Osborne had been attending Cumberland University in Tennessee when he decided to join the Army in 2001. He was stationed in Fort Gordon in Augusta, Ga. In four years, he became a sergeant. He wanted to take the Warrior Leader Course in Fort Benning. In order to take the course, he had to pass a physical fitness test at Fort Gordon.
“You have to do a P.T. two-mile run at your base. If you don’t pass, you don’t get to go,” Bellamy-Coleman said.
When Osborne did his first test at Fort Gordon, he had shortness of breath and was lightheaded. He was sent to a hospital, but didn’t get an EKG, Bellamy-Coleman said.
“They gave him Motrin and told him to stay off PT for seven days. His blood pressure was 80/22,” she said. “They found body tissue in his urine. They put on his card that he passed because he ’wanted to go to the academy.’ “
He had a similar experience when he took the test in Fort Benning. After taking a third test, things took a turn for the worse.
“He collapsed across the finish line. He tried to walk, but he couldn’t,” Bellamy-Coleman said. “The sergeants said, ’Drag him off the track.
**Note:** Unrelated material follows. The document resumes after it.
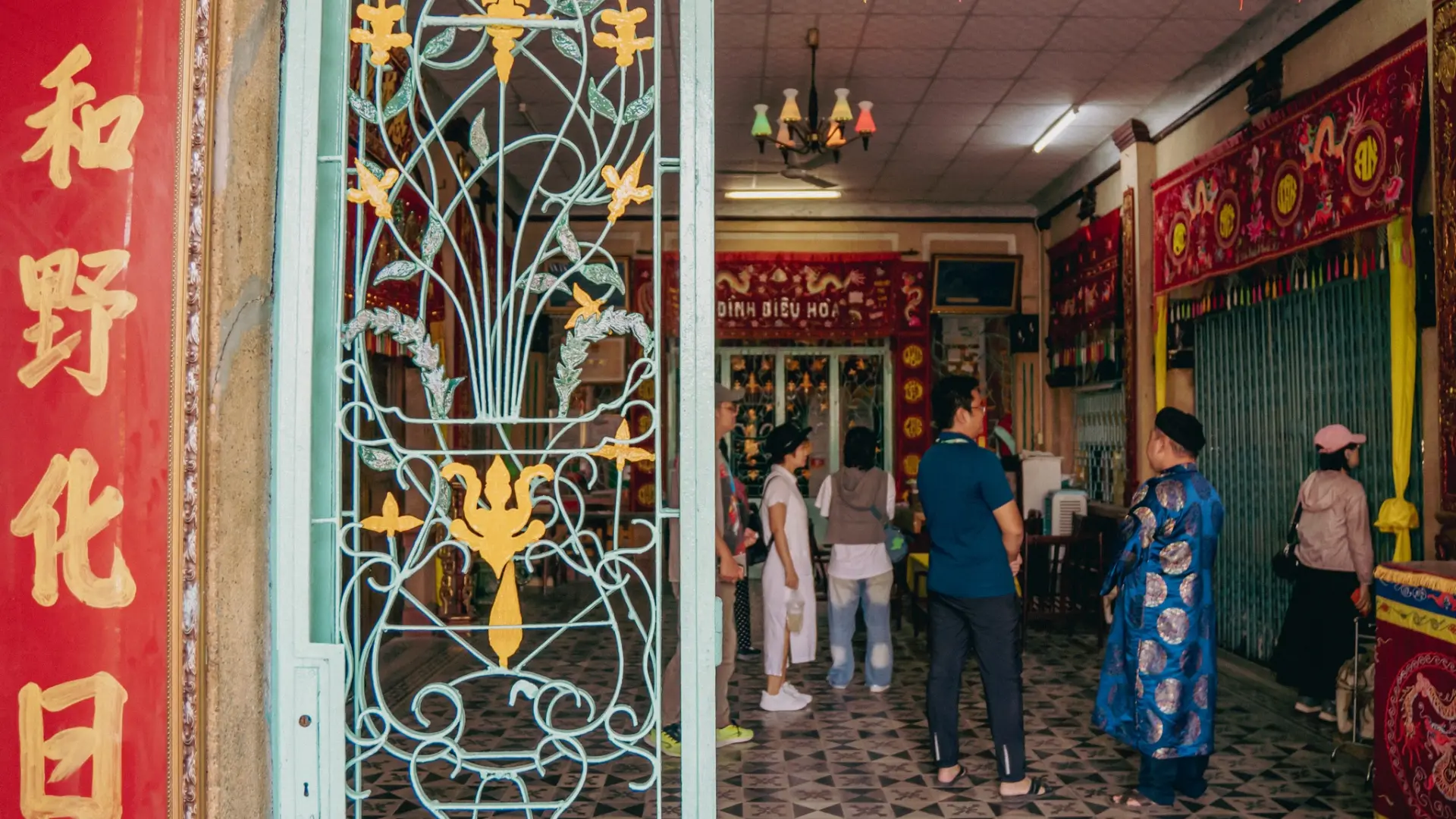 Visitors inside the historic Dieu Hoa Temple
We still have runners.’”
With no medical equipment on site, Osborne was driven to the barracks, where he fell off the truck. It was 45 minutes before ambulance was called, Bellamy-Coleman said, but by then it was too late. Osborne was pronounced dead on arrival.
“Some of the soldiers said, ’I was afraid I was going to lose my rank because I helped,’ ” she said.
Outside - near her mother’s home - stands a blue sign that reads Sgt. Jatarius D. Osborne Way. That portion of East Sixth Street was renamed last summer. Bellamy-Coleman showed a picture she took with her two sons during a family reunion one year before Osborne died. The trio wore red shirts.
“We had been playing volleyball with the family and they were talking about how sweaty they were,” she said, smiling. “I’m glad I have this.”
She plans to pour her experiences into a book called “Silent Tears.”
“We’ve got to find a way to still live,” she said. “I’m telling our story for (God’s) glory.”
Bellamy-Coleman is involved with other military groups, including the Gold Star Mothers, who are the mothers of fallen soldiers, and the Tragedy Assistance Program for Survivors. She is an honorary NCO leader and cardiologist at Fort Campbell 101st Airborne Division. Her family, friends, faith and her work with the organizations have sustained her.
“Just little old me in Russellville could not do this by myself,” she said. “God is in it.”